**ACTIVITY**. The lines below, beginning at the one that contains "3.00 Carat Genuine" and ending at the last, are to be retyped exactly.

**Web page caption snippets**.
::::::::

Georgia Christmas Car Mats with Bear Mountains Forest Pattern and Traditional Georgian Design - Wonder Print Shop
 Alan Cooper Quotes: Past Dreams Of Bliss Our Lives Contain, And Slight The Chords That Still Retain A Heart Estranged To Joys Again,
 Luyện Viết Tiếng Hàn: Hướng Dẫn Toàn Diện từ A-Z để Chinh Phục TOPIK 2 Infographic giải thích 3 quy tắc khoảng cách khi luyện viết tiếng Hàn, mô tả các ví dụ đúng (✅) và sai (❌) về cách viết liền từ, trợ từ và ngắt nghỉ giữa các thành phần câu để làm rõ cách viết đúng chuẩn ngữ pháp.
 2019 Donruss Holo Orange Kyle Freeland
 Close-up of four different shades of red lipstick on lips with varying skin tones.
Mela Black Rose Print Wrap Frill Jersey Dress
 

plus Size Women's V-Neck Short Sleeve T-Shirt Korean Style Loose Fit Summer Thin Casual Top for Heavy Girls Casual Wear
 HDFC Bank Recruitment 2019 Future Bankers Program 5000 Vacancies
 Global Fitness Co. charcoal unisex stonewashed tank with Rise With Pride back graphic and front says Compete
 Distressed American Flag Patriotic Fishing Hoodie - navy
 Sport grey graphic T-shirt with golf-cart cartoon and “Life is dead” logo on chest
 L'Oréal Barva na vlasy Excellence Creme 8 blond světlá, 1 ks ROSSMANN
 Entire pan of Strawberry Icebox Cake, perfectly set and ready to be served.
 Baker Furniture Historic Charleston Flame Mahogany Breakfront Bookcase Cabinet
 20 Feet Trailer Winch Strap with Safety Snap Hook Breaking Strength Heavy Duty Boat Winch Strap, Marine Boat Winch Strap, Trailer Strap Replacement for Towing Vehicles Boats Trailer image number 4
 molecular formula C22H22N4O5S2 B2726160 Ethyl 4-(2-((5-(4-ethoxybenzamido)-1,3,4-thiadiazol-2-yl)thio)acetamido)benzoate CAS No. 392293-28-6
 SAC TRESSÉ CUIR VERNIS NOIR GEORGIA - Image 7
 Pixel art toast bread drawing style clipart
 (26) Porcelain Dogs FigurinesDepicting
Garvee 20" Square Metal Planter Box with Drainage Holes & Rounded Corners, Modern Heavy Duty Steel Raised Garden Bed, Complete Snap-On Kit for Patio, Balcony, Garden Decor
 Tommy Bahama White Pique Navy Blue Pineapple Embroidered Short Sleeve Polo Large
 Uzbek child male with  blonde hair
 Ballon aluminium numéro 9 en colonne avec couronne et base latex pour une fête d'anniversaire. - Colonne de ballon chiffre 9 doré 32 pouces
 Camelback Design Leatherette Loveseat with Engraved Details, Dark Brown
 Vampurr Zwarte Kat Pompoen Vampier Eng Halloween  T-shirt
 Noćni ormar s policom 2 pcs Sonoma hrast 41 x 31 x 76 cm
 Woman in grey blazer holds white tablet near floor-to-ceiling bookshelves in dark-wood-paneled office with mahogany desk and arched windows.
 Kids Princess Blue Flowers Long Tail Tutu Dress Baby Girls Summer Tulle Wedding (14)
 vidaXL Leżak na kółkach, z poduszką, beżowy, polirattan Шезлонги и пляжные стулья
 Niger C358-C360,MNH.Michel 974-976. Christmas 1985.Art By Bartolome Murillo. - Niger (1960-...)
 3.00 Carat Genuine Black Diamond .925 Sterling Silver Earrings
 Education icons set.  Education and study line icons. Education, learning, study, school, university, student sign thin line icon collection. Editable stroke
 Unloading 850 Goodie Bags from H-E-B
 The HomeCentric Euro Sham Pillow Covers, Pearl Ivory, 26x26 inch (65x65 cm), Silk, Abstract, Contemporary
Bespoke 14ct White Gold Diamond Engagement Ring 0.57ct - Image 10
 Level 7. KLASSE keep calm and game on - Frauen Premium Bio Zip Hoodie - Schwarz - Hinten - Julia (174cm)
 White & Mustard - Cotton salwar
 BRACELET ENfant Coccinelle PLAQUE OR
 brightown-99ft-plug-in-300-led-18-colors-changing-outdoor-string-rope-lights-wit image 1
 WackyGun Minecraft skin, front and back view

::::::::

**TASK ANSWER**.
 3.00 Carat Genuine Black Diamond .925 Sterling Silver Earrings
 Education icons set.  Education and study line icons. Education, learning, study, school, university, student sign thin line icon collection. Editable stroke
 Unloading 850 Goodie Bags from H-E-B
 The HomeCentric Euro Sham Pillow Covers, Pearl Ivory, 26x26 inch (65x65 cm), Silk, Abstract, Contemporary
Bespoke 14ct White Gold Diamond Engagement Ring 0.57ct - Image 10
 Level 7. KLASSE keep calm and game on - Frauen Premium Bio Zip Hoodie - Schwarz - Hinten - Julia (174cm)
 White & Mustard - Cotton salwar
 BRACELET ENfant Coccinelle PLAQUE OR
 brightown-99ft-plug-in-300-led-18-colors-changing-outdoor-string-rope-lights-wit image 1
 WackyGun Minecraft skin, front and back view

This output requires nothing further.